O risco é real. Mas estamos a atuar com tempo.
O Município tem estado continuamente no terreno, em articulação com todas as entidades competentes, e continuará a trabalhar durante toda a noite. A partir de amanhã, será necessária atenção máxima por parte de todos.
Este é um trabalho que está em curso há vários dias, num contexto complexo e exigente. Continuamos a trabalhar, a decidir e a monitorizar. Não desistimos.
Neste momento, a maior preocupação incide sobre a margem esquerda do Mondego, em particular nas localidades de Pereira, Santo Varão, Formoselha e Caixeira.
Algumas pessoas das zonas mais suscetíveis já se encontram em casa de familiares. As restantes, se for necessário, serão evacuadas de forma organizada e segura. Estão preparadas as Zonas de Concentração e Apoio à População (ZCAP) de Pereira, Ereira e Montemor-o-Velho, para dar resposta imediata caso seja necessária a retirada preventiva de pessoas em locais com potencial risco.
O que pedimos à população neste momento:
Neste momento, é fundamental que confiem na informação que estamos a transmitir.
Estamos a monitorizar a situação hora a hora, com todas as entidades no terreno.
Apelamos à serenidade de todos.
A prioridade absoluta é (e continuará a ser) proteger pessoas e salvar vidas.

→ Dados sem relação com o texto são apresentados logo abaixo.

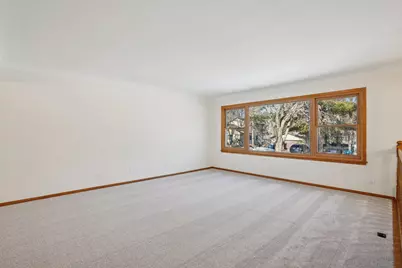 5301 Oakwood Drive, White Bear Township, MN 55110 - Photo 16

Piso rodoviário escorregadio;
Possibilidade de cheias rápidas em meio urbano, por acumulação de águas pluviais ou insuficiências dos sistemas de drenagem;
Possibilidade de inundação por transbordo de linhas de água nas zonas historicamente mais vulneráveis;
Inundações de estruturas urbanas subterrâneas com deficiências de drenagem;
Dificuldades de drenagem em sistemas urbanos, nomeadamente as verificadas em períodos de praia mar, podendo causar inundações nos locais historicamente mais vulneráveis;
Danos em estruturas montadas ou suspensas;
Possibilidade de queda de ramos ou árvores em virtude de vento moderado/forte, bem como de afetação de infraestruturas associadas às redes de comunicações e energia;
Possíveis acidentes na orla costeira;
Fenómenos geomorfológicos causados por instabilização de vertentes associados à saturação dos solos, pela perda da sua consistência;
Há ainda que ter em atenção ao efeito conjugado da subida da maré e o aumento de caudais devido à precipitação prevista para as bacias, potenciando a subida da altura dos rios e o risco de inundações nas zonas urbanas.
Garantir a desobstrução dos sistemas de escoamento das águas pluviais e retirada de inertes e outros objetos que possam ser arrastados ou criem obstáculos ao livre escoamento das águas;
Adotar uma condução defensiva, reduzindo a velocidade e tendo especial cuidado com a possível formação de lençóis de água e a existência de zonas de fraca visibilidade;
Não atravessar zonas inundadas, de modo a precaver o arrastamento de pessoas ou viaturas para buracos no pavimento ou caixas de esgoto abertas;
Garantir uma adequada fixação de estruturas soltas, nomeadamente, andaimes, placards e outras estruturas suspensas;
Ter especial cuidado na circulação junto da orla costeira e zonas ribeirinhas historicamente mais vulneráveis a inundações rápidas;
Não praticar atividades relacionadas com o mar, nomeadamente pesca desportiva, desportos náuticos e passeios à beira-mar, evitando ainda o estacionamento de veículos na orla marítima;
Estar atento às informações da meteorologia e às indicações da Proteção Civil e Forças de Segurança.